トーテン

サバービコン 仮面を被った街のトーテンのレビュー・感想・評価

3.1
どんな変な街なのかなーって思ってたらちょっと違うかもな映画でした。

黒人差別がなんか絡んでくるのかなぁと思ったらそれも違う。
自分が感じたのは善良な家族を謂れのない偏見と利己的な理由で迫害する集団暴力が行われている真横で、小規模ではあるが真に残虐な犯罪が遂行されていることに誰も気付いていないというのがこの作品のテーマなのかなぁと。

同時進行する保険金犯罪と黒人家族への迫害のエピソードで共通しているのは悪の正当化。
一旦加速し始めると歯止めが利かないのも規模は違えど同じ。
片方はテレビで報道され、片方は未だに気付かれもしない不気味さ。
黒人家族も少年も大きな傷を負ったが、その原因となった加害者達はもうおらず、誰も語らない。
インタビューに答えた住民はまだ黒人家族が悪いと言う者もいるし、それを正当化する理由まで並べる始末。
まさに後味が悪い映画でした。

が、こういうの大好きなんでイイですね!
マット・デイモンがビンタされたり、脅されて狼狽する感じとか本当に良かった。
開放感からか、地下室で盛り上がりすぎて子どもに情交シーンまで見られるとかだいぶ詰めが甘い感じがあって、そりゃさすがに子どもも誰が悪い奴か気付くでオヤジさんみたいなダメオヤジで良かった。
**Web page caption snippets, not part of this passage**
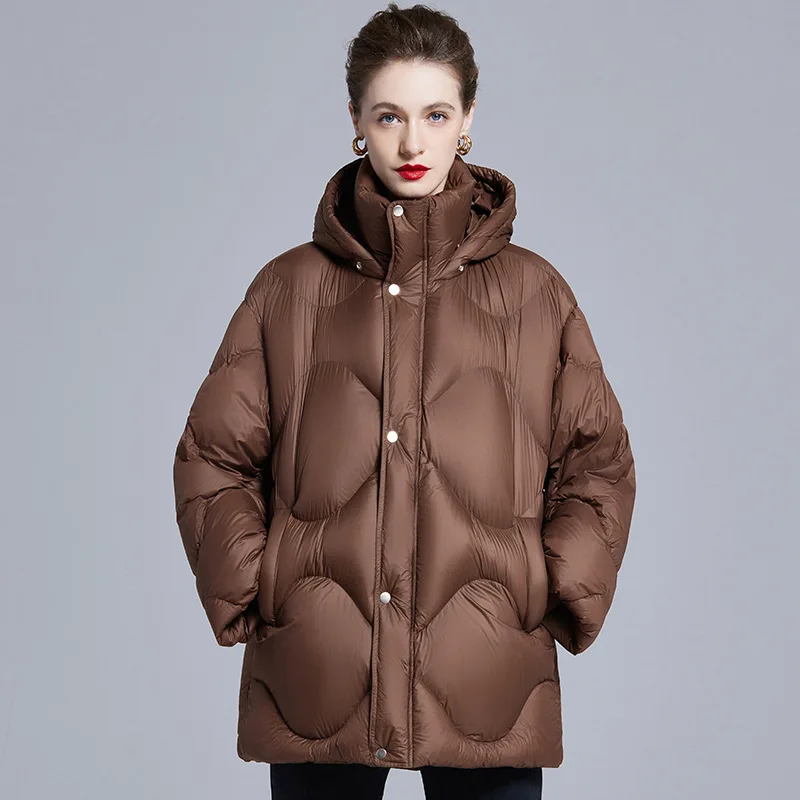 جديد مصمم 90 الأبيض بطة أسفل سترة للمرأة القهوة طويلة سميكة مقنعين فضفاضة معطف دافئ الإناث أبلى الخريف الشتاء 2025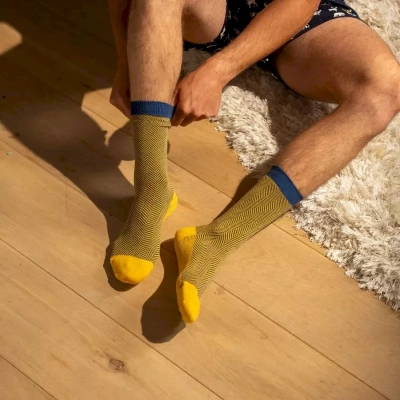 CHAUSSETTES CHEVRONS MAYA EN COTON PEIGNÉ CH26 Taille 41-46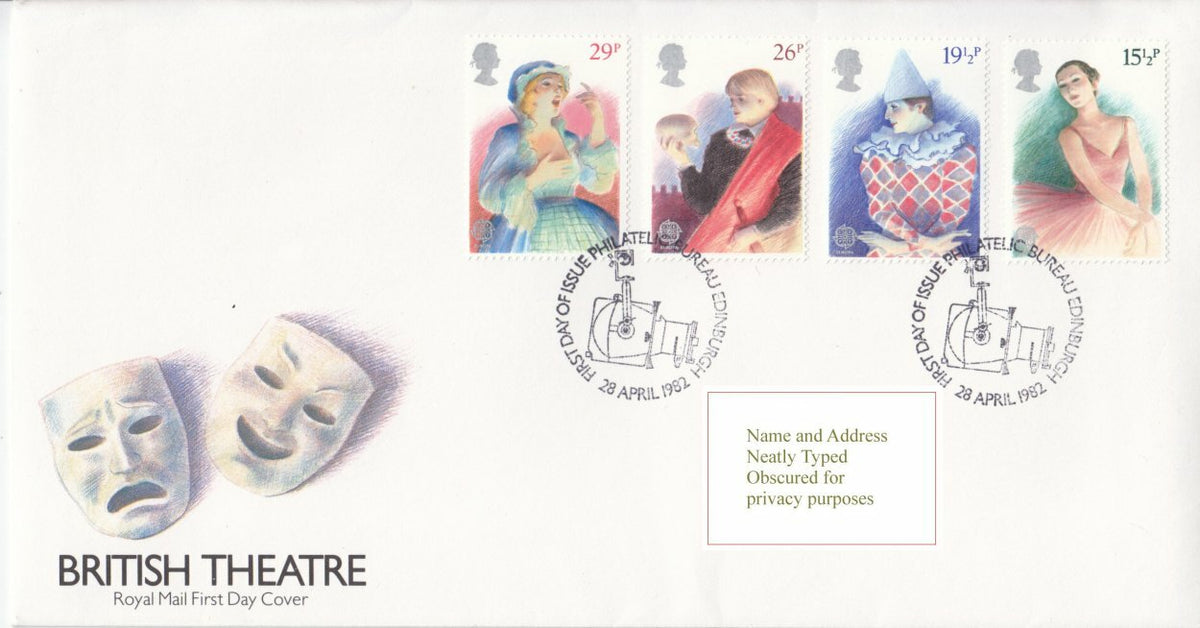 GB 1982 - British Theatre - Royal Mail FDC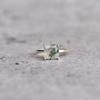 Moss Agate Ring, Square Moss Agate Ring, Sterling Silver Minimalist Ring for New Beginning , Handmade Ring, Bridesmaid Gift, Gift for Her
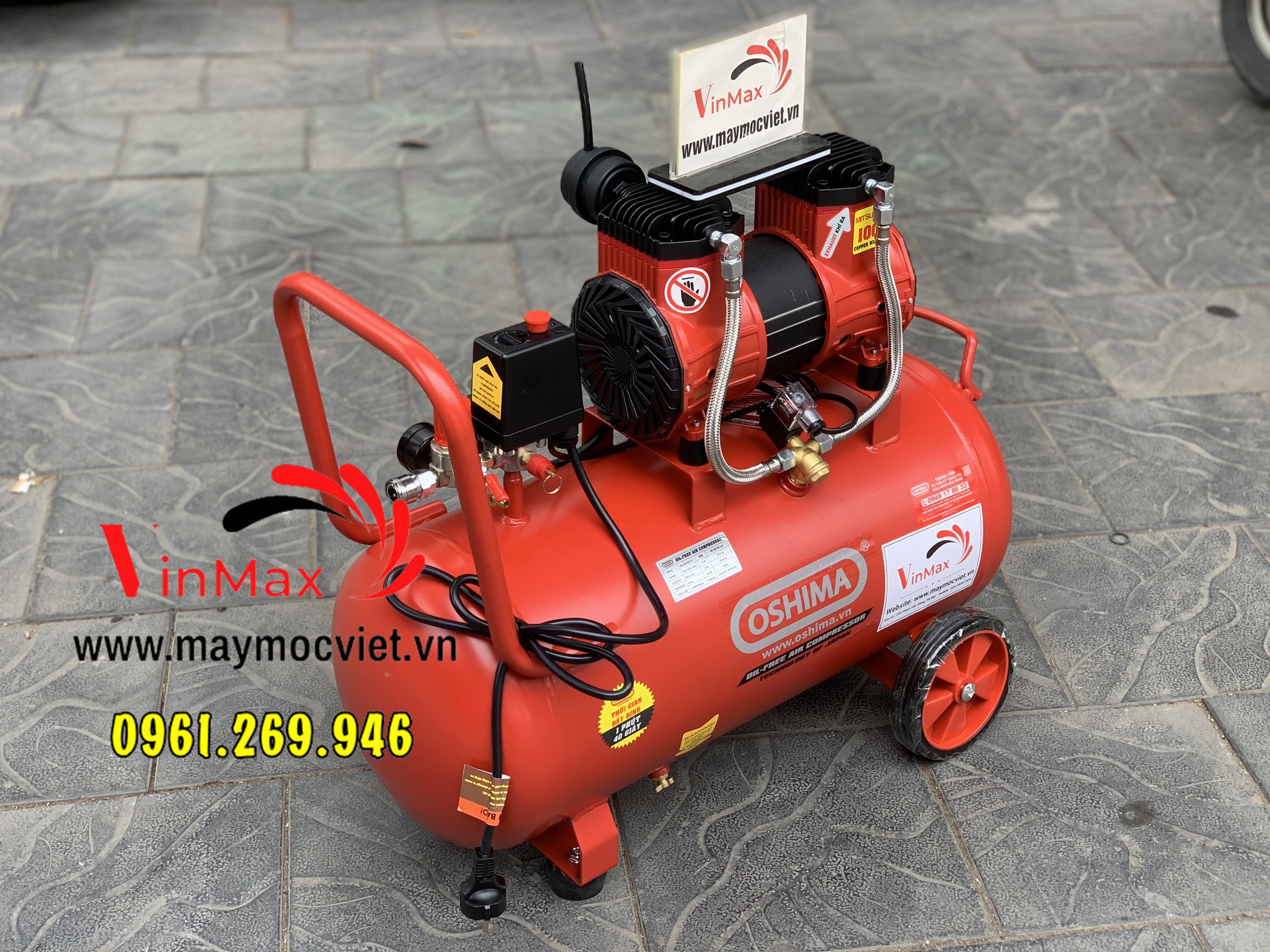Máy nén khí không dầu Oshima 40L công suất 3HP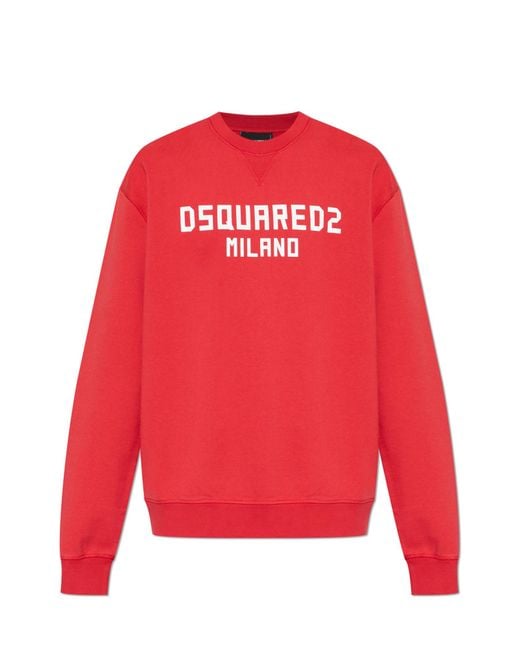 DSquared² Red Sweatshirt With Printed Logo for men
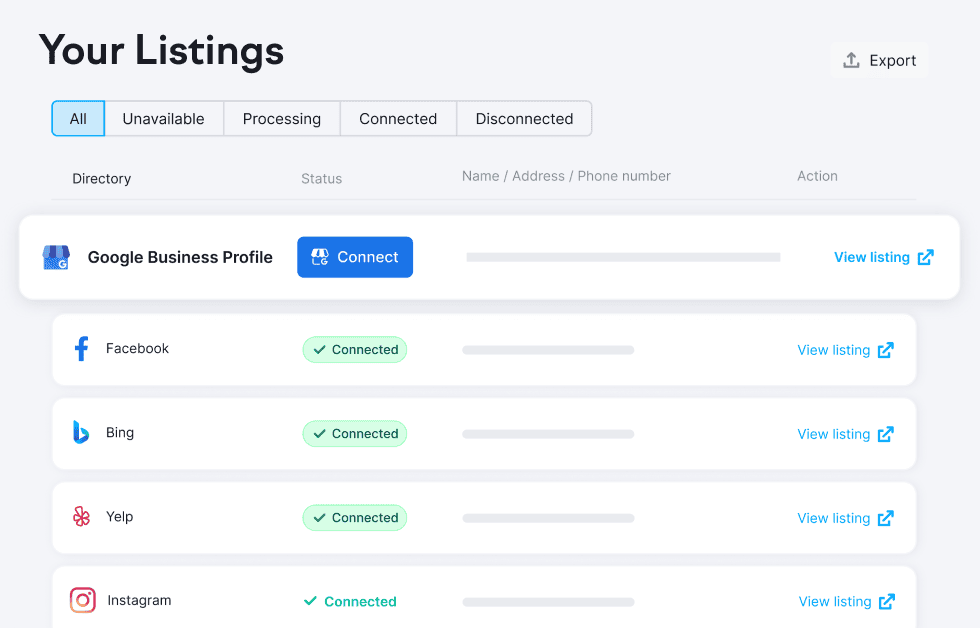 Semrush Listing Management verteilt deine Unternehmensinformationen auf den wichtigsten Plattformen und gewährleistet, dass sie einheitlich und für die Sprachsuche optimiert sind. 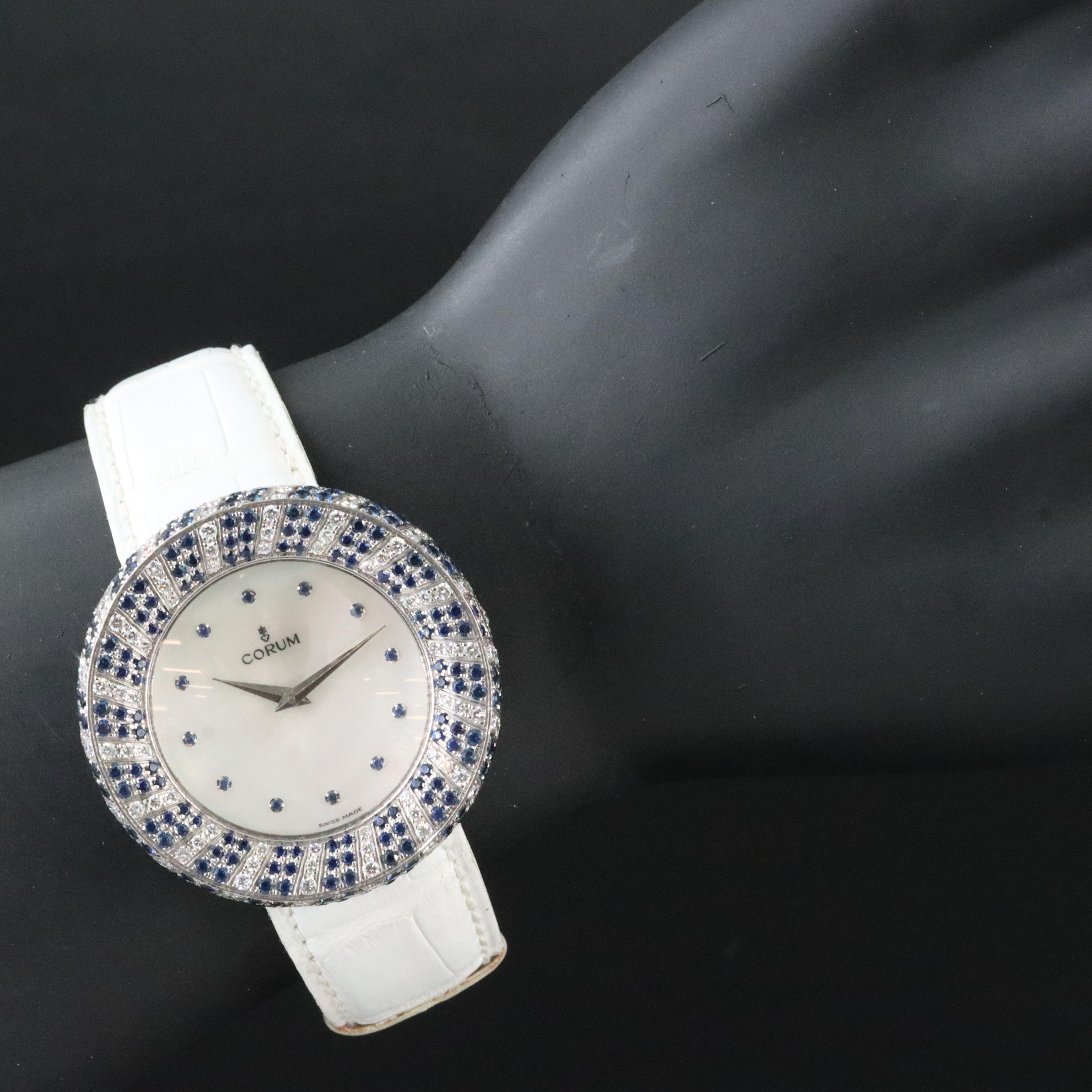 18K Corum Mother-of-Pearl Factory 2.50 CTW Diamond and Sapphire Dial Watch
あとは周りがダメダメすぎて真にまともな大人だった伯父さんが格好良かった。
ニッキーを助けたあとの姿とかマジ男前。
大人は子どもの前ではやせ我慢ですよね。

という感じですが、何か秘密がどうとかミステリィ的な部分を望んで見てしまったのでそこは肩透かし食らってしまった感がありました。
最後のキャッチボールはオヤジから選べと言われて自分で考えて選んだ結果なんだね。
今も残る塀の上からボールをやり取りする彼らの未来を考えると…うーむ、結構悩まされる作品でした。